📄 parser.c
字号:
#include "parser.h"
/*
GLOBALS
*/
// NOTE:
// 'END' keyword or directive is used while searching keywords/directives into the array.
// See 'parse' function on identifier match for an example...
// language KEYWORDS
char *keywords[] = { "array", "as", "break", "case", "continue", "database", "default",
"else", "endforeach", "endif", "endswitch", "endwhile", "extern",
"foreach", "function", "global", "if", "is", "next", "parameter",
"return", "set", "switch", "transaction", "var", "while",
"END" };
// language DIRECTIVES
char *directives[] = { "#self", "#include", "#asp", "#/asp","#jsp", "#/jsp", "#php", "#/php",
"END" };
// language VALUES
char *values[] = { "true", "false",
"END" };
// used for push-back
// if this ptr not equals NULL, the parse() function will return this value...

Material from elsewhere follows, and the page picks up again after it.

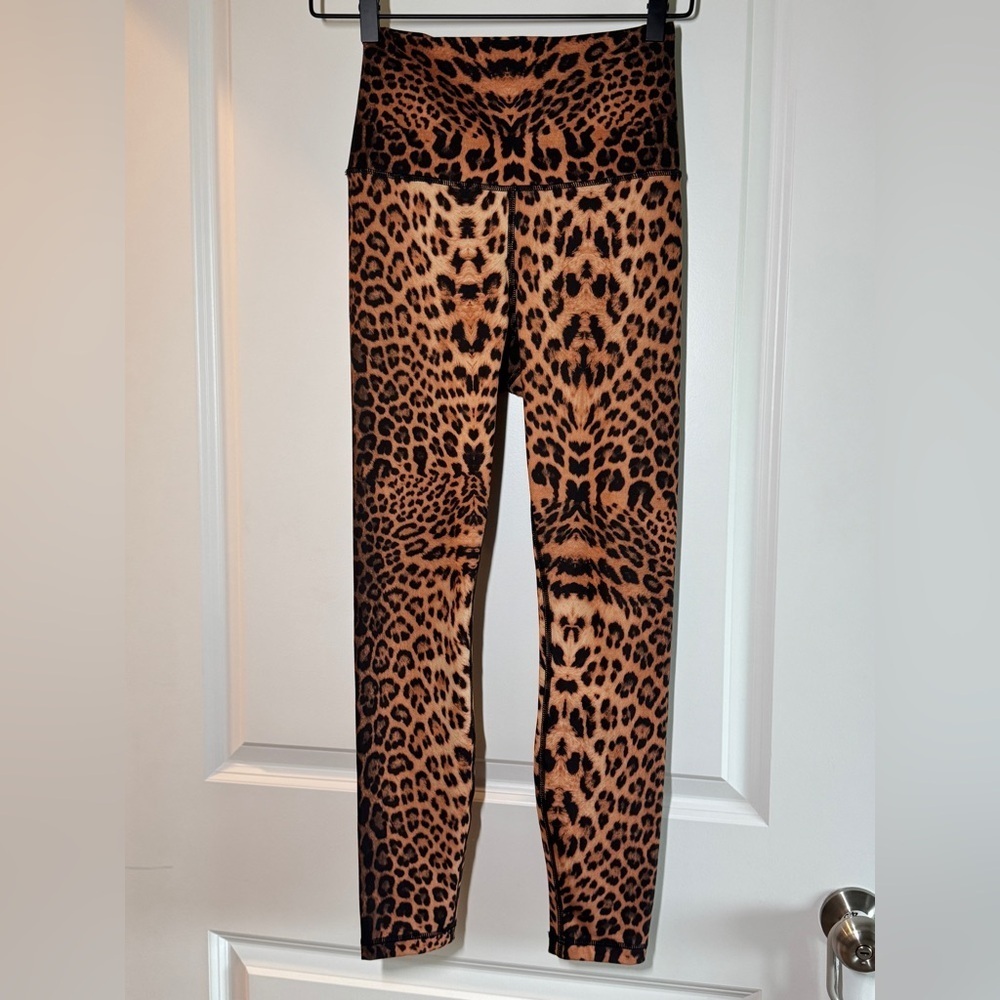 Yogalicious Lux Leopard Print Leggings Size Medium Super High Rise Ankle Length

lisa_node *pushback_node = NULL;
// initParser:
// Initialize the parser.
void initParser( void )
{
// empty pushback buffer...
if ( pushback_node != NULL )
{
destroyNodeR( pushback_node );
pushback_node = NULL;
}
}//initParser
// parse:
// Parse the input stream and return a node (token).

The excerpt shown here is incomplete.